So we now have our own Jack Bauer, hero of 24. He’s Stephen Harper, ready to take any step against terror, not squeamish like the terrsymps who voted down renewal of preventive arrest and forced testimony in Parliament this week. Oh, wait, we already had our own Jack Bauer: Canadian (and grandson of Tommy Douglas) Kiefer Sutherland, who is Jack Bauer on 24.
Jack doesn’t shrink from extreme measures, like torture. There were 67 torture scenes in his first five seasons. Stephen doesn’t shrink from extreme measures either, like those defeated measures, or from extreme language: “For the first time in history, we have a leader of the opposition who is soft on terrorism.” You’re with him or against him.
24 is so extreme that in the United States, the (real) military and spooks are begging the show to back off because it does more harm than good. The New Yorker reports that a general who is dean at West Point and some interrogators flew to the set to say torture doesn’t work, but the show is influencing U.S. soldiers in Iraq and elsewhere to do it. They want the producers to depict a case where torture “backfires,” like Abu Ghraib, and causes worse terror.
A spook who worked in Iraq said, “I never saw pain produce intelligence,” and he’s seen it all: waterboarding, dogs, sitting on a Humvee’s exhaust pipes. Forget it, said 24 producer Joel Surnow, who hangs with Rush Limbaugh and Dick Cheney. He says he doesn’t believe the experts. He probably saw torture work somewhere, oh yeah, on his own show.
The whole torture debate gets skewed because its justification usually centres around the case of a “ticking bomb” that almost never occurs (the “almost” is generous). Yet on 24, every case of torture is about a ticking bomb, usually nuclear. This season, one has already gone off in the United States and three are ticking as I write.
But I confess I don’t like 24. I find its production tacky and low-budget; its plots, repetitive. For the record I speak as a lifelong fan of the espionage genre, going back to I Spy, Callan, The Sandbaggers, 007 and Harry Palmer. I do feel sympathy for Mr. Sutherland, who has often tried to play down the drift of the show by saying anyone who takes it seriously has problems.

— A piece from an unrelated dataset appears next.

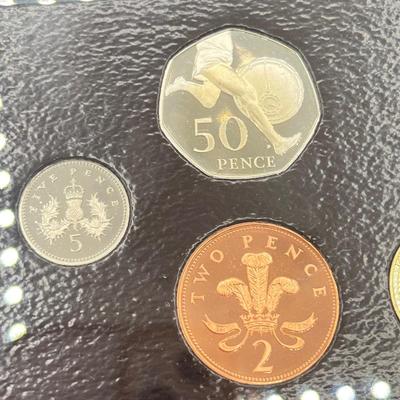 LOT 154J: 2004 United Kingdom Proof Coin Set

When the worrywarts include Federal Bureau of Investigation interrogators and generals, his argument starts to sound shaky.
But I didn’t much like the plotline in the House this week either, over renewing those provisions on preventive arrest and coerced testimony. It was widely described as a hard choice between security and civil liberties, a problem of balancing them, etc. NDP Leader Jack Layton said we mustn’t give up the values that distinguish us.
But there are lots of things that contradict those values. I think economic inequity is at least as vile as torture or preventive arrest. The larger problem with torture, curtailing civil liberties and the whole war on terror is that it doesn’t even work; it makes future terror more likely. What effect do you think Abu Ghraib or the “rendition” of Maher Arar had on recruiting jihadi terrorists, or neutralizing far larger numbers in the Muslim world who won’t become terrorists but may not actively oppose them?
U.S. terrorism maven Peter Bergen, who is not soft on terror, says the war on Iraq increased deaths from Islamic terror sevenfold worldwide by corroborating — his words — “al-Qaeda’s central message”: that the United States is at war with Islam. In this sense, it is Mr. Harper and George W. Bush (and 24‘s producers) who are soft on terror because their notions of combatting it make it ever more likely.
This is the infuriating rub. Mr. Bush gets to feel like a cowboy or whatever he’s doing. Mr. Harper gets to indulge his ideology or his resentment, whatever drives him. And everyone else pays the price. Since 9/11, many thousands have died because of this kind of wrong-headedness and many more will till it all returns to this continent again.
Bin Laden obsessive and former U.S. counterterrorism official Michael Scheuer says a nuclear attack on the United States is now “close to inevitable.” Then we really will need Jack. Not Kiefer, not Stephen. The real Jack. And he’s a fiction.